Your assignment: Repeat exactly the lines of the material below that run from the "Plastic water bottles" line to the "Similar image 21375187" line, including both, and do not carry over any pictures.

Data to examine:
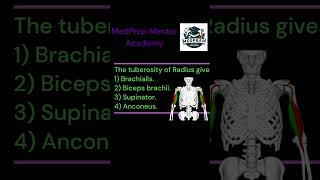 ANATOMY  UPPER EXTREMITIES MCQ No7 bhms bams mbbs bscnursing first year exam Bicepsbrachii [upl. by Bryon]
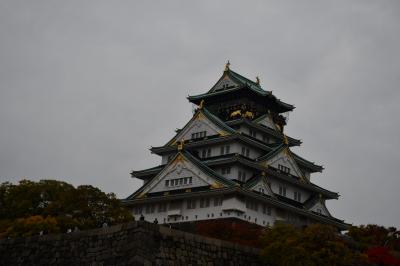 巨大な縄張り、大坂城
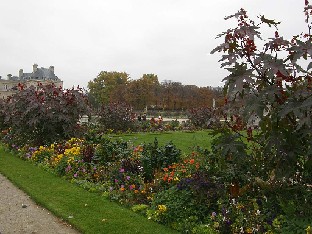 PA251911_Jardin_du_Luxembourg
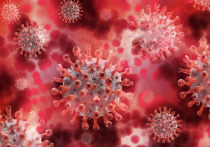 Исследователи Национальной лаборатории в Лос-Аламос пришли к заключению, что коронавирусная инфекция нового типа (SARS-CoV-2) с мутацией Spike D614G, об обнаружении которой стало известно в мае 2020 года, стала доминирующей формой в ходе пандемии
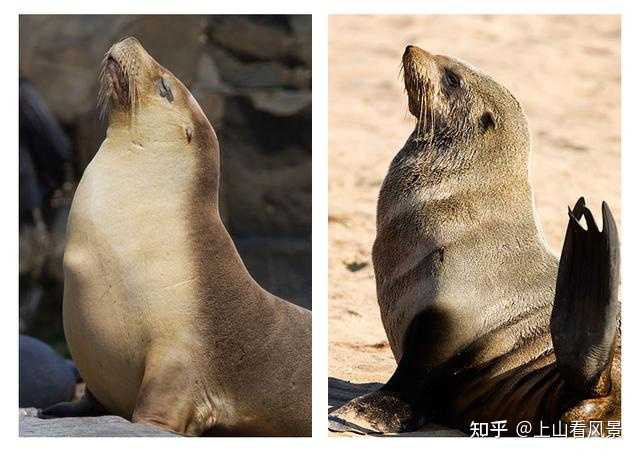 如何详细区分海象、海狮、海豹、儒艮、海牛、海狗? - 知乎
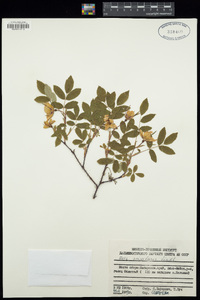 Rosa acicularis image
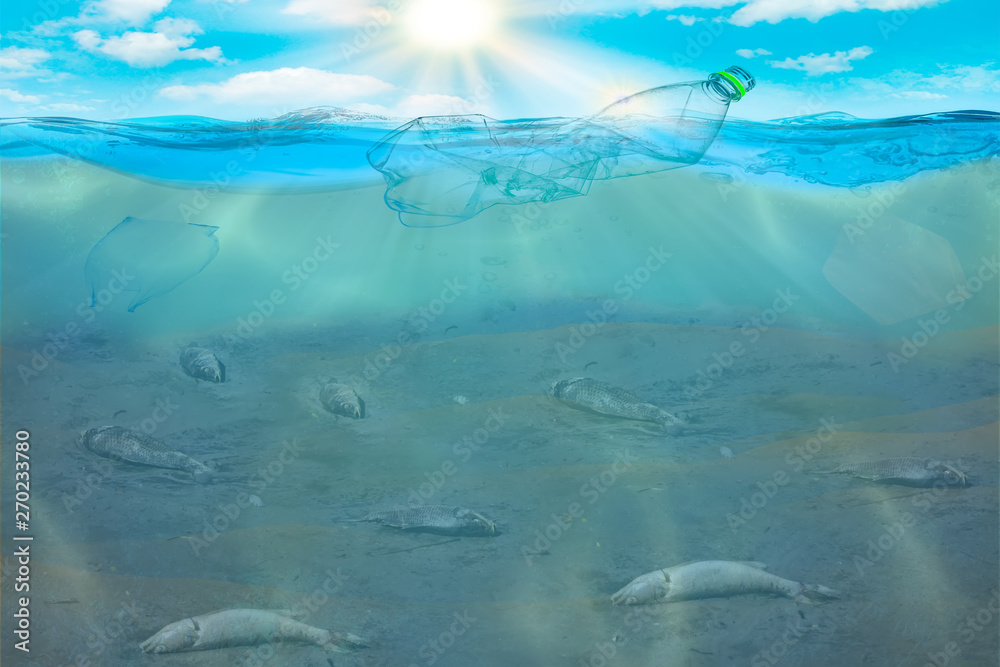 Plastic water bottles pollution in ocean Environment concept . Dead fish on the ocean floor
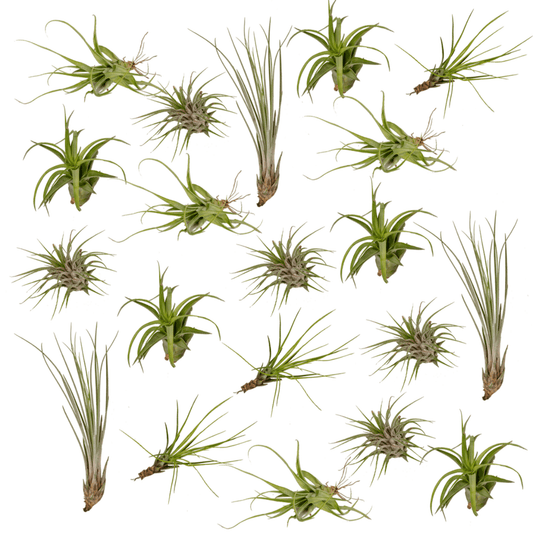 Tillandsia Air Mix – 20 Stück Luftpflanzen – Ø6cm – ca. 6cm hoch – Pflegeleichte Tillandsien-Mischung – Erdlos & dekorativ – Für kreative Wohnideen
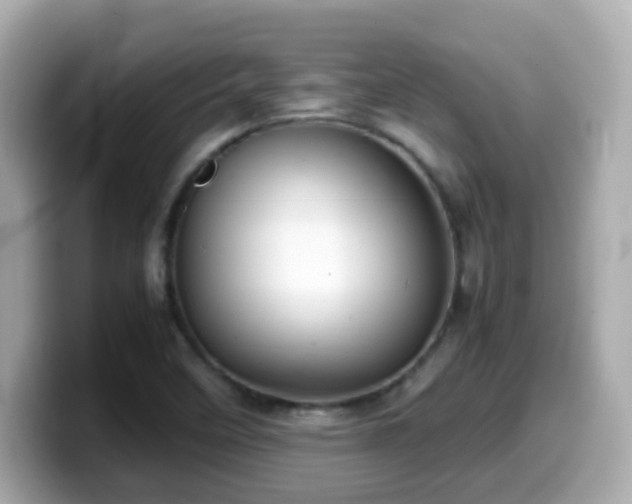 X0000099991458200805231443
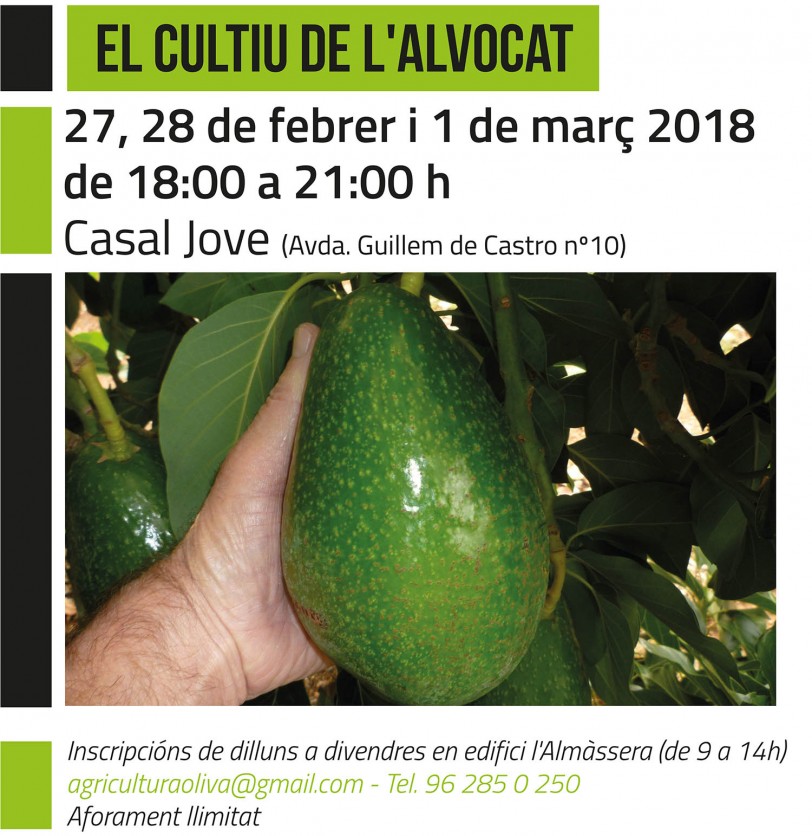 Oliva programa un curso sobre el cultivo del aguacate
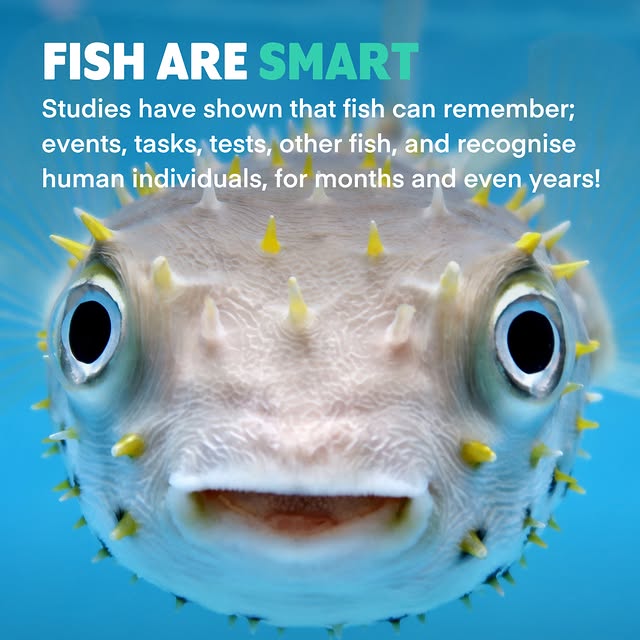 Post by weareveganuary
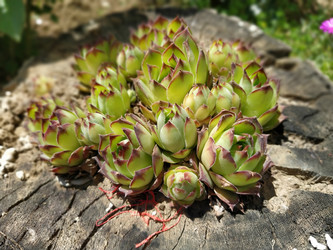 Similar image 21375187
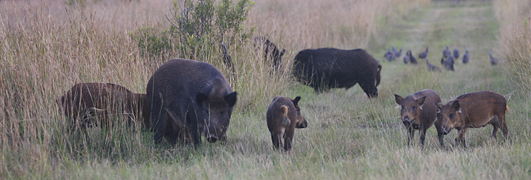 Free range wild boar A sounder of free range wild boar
==
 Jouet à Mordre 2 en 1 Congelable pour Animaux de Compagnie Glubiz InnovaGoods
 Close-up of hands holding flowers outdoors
---
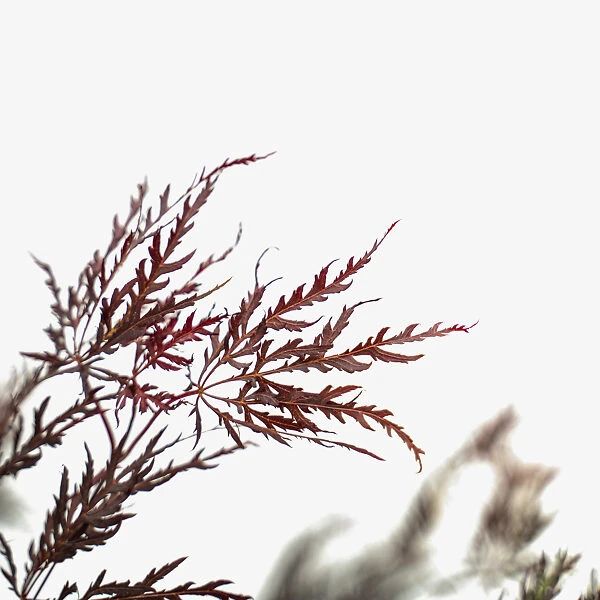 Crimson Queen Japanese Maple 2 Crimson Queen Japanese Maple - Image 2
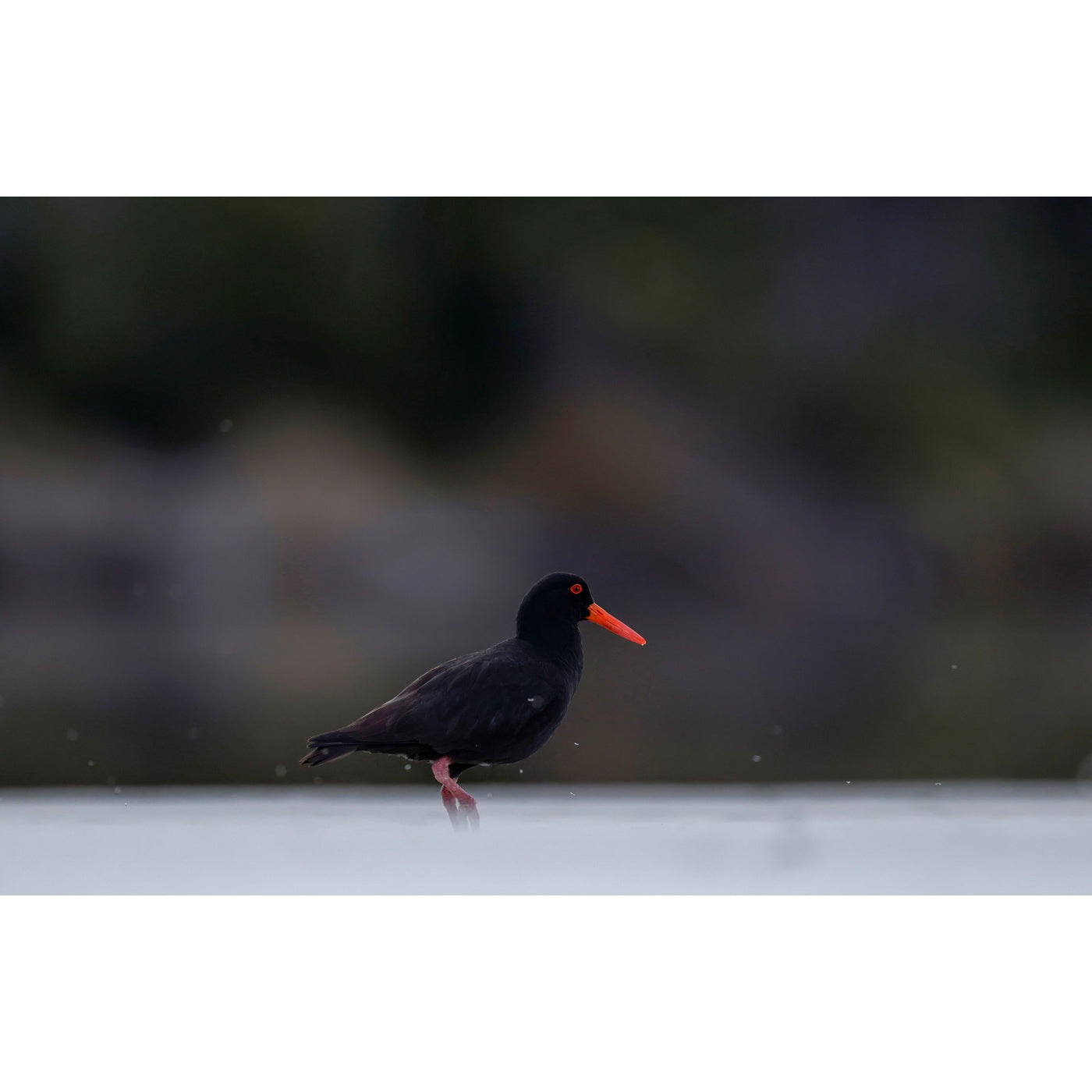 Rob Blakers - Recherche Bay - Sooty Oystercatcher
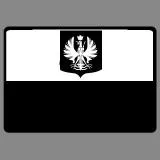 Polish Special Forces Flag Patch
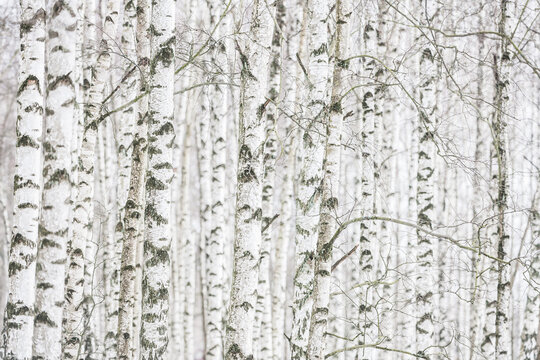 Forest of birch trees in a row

Result below:
 Plastic water bottles pollution in ocean Environment concept . Dead fish on the ocean floor
 Tillandsia Air Mix – 20 Stück Luftpflanzen – Ø6cm – ca. 6cm hoch – Pflegeleichte Tillandsien-Mischung – Erdlos & dekorativ – Für kreative Wohnideen
 X0000099991458200805231443
 Oliva programa un curso sobre el cultivo del aguacate
 Post by weareveganuary
 Similar image 21375187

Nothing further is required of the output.